[Short web captions]

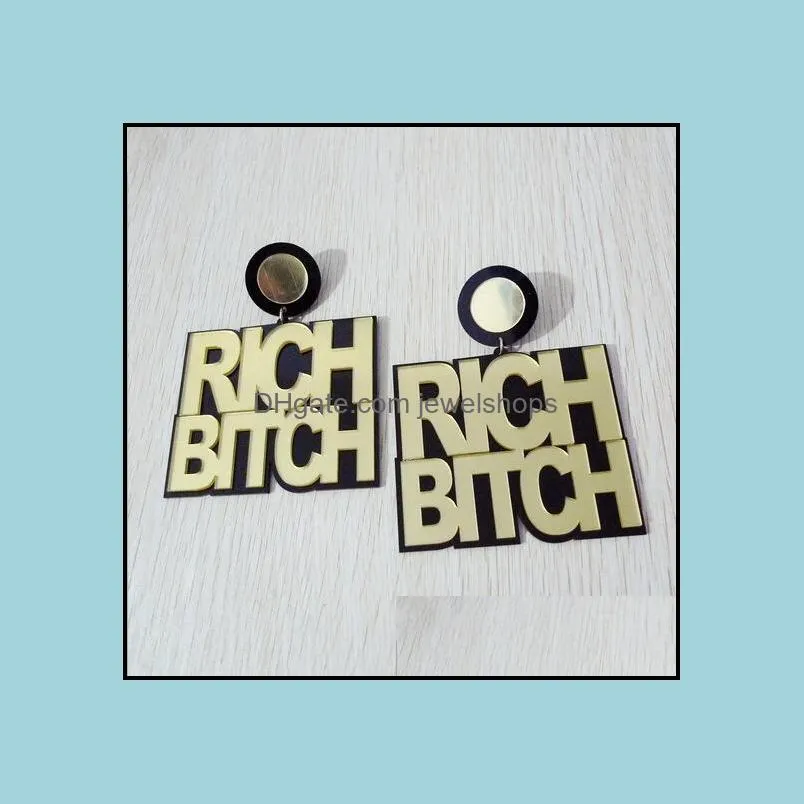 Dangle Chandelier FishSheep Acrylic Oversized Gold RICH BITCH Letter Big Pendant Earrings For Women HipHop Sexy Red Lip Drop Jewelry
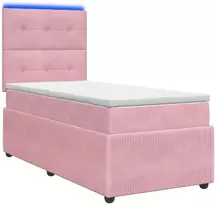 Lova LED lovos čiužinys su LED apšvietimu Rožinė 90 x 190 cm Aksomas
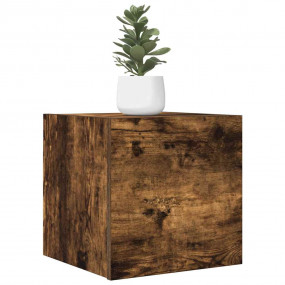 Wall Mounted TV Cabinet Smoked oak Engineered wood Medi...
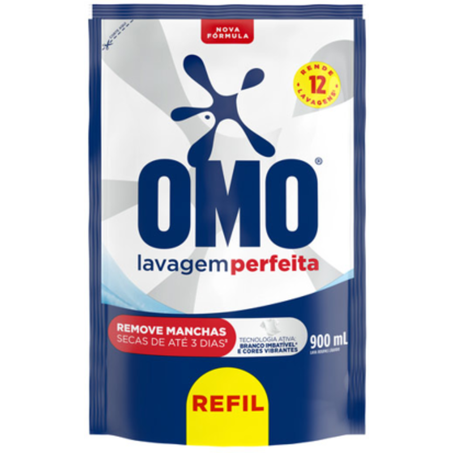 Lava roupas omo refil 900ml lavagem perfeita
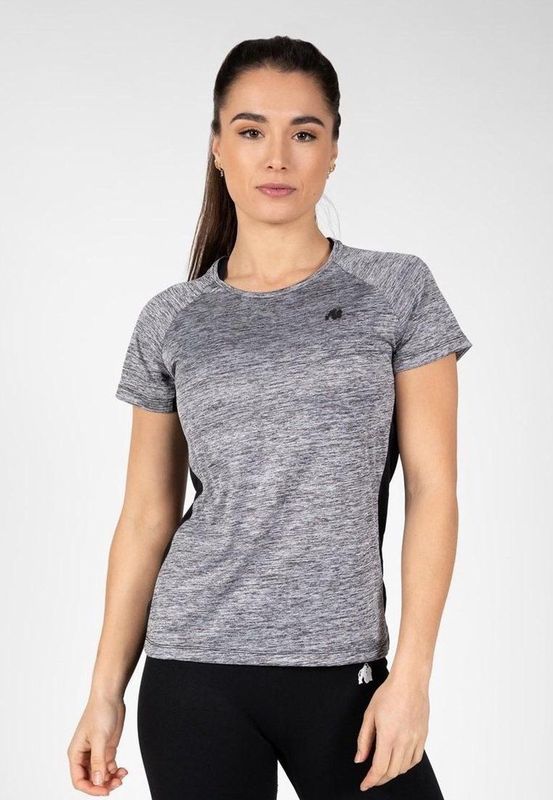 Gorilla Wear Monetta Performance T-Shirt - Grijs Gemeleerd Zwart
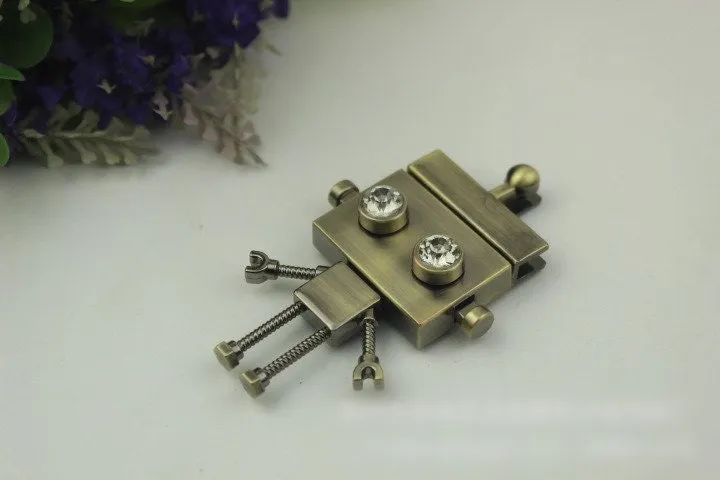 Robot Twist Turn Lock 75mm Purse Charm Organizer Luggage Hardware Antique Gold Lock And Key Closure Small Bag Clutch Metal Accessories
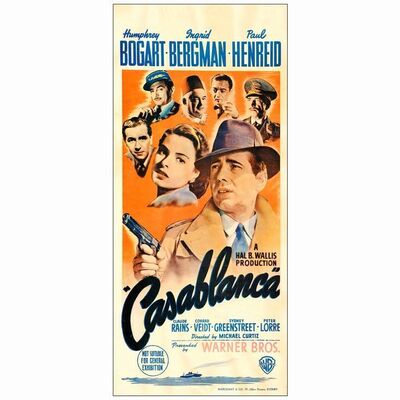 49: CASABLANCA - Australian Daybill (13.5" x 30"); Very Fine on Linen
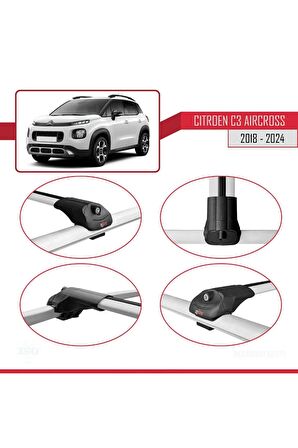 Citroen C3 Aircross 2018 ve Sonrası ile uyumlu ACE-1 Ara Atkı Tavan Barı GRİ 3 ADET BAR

> **Task objective**: Restate exactly, please, only the lines between the start of the data and the line containing "Wall Mounted TV", both ends included, skipping the pictures.

> **Completed exercise**:
 Dangle Chandelier FishSheep Acrylic Oversized Gold RICH BITCH Letter Big Pendant Earrings For Women HipHop Sexy Red Lip Drop Jewelry
 Lova LED lovos čiužinys su LED apšvietimu Rožinė 90 x 190 cm Aksomas
 Wall Mounted TV Cabinet Smoked oak Engineered wood Medi...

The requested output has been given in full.